- TASK TO CARRY OUT:
Write out every line exactly, from the first line of the records below through the line that contains "Size: 572x934 |".

'''

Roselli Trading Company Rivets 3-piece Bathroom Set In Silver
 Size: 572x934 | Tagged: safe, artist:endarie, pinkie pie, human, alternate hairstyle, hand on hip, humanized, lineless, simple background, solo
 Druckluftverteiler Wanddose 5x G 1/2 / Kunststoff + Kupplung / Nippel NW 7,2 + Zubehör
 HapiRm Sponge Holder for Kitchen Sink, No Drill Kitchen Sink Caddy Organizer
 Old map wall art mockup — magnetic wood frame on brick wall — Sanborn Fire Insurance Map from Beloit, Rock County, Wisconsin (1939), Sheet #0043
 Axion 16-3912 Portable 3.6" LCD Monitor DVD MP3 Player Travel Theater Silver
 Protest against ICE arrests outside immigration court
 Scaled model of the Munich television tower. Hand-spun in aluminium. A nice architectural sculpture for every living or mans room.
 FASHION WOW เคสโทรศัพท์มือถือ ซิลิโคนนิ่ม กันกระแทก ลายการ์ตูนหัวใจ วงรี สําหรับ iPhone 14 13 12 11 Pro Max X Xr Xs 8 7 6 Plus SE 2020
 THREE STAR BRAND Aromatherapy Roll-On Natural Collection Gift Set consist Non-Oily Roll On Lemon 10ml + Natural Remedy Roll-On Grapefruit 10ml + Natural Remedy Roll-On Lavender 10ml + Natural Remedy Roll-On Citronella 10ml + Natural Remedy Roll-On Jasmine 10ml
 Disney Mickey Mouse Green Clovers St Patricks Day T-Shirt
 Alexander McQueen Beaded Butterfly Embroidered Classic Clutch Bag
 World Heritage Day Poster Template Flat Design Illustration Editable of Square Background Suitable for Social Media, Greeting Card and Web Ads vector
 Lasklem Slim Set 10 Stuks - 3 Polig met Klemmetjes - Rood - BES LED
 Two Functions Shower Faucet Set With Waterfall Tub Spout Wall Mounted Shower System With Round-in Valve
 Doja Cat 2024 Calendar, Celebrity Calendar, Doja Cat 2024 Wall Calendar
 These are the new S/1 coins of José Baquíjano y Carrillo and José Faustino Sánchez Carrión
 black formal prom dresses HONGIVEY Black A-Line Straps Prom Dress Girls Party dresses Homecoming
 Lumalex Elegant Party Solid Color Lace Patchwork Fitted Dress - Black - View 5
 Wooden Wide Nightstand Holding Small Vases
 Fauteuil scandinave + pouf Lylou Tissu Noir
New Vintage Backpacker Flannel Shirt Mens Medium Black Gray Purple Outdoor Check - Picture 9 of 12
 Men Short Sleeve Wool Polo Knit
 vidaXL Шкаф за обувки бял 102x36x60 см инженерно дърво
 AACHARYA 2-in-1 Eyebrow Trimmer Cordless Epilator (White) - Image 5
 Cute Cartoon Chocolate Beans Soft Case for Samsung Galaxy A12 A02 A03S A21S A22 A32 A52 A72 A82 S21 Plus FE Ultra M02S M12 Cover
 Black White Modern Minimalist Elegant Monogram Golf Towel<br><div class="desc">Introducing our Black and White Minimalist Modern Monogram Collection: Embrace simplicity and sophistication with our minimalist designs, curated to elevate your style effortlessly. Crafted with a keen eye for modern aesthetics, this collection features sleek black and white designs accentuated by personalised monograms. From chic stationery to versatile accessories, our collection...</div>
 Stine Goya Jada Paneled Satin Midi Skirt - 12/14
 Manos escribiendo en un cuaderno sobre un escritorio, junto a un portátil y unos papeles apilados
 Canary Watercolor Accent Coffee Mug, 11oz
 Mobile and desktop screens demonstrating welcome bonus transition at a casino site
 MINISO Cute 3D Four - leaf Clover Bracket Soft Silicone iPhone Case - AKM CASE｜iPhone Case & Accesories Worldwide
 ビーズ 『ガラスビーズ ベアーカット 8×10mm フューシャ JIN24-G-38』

'''

- TASK ANSWER:
Roselli Trading Company Rivets 3-piece Bathroom Set In Silver
 Size: 572x934 | Tagged: safe, artist:endarie, pinkie pie, human, alternate hairstyle, hand on hip, humanized, lineless, simple background, solo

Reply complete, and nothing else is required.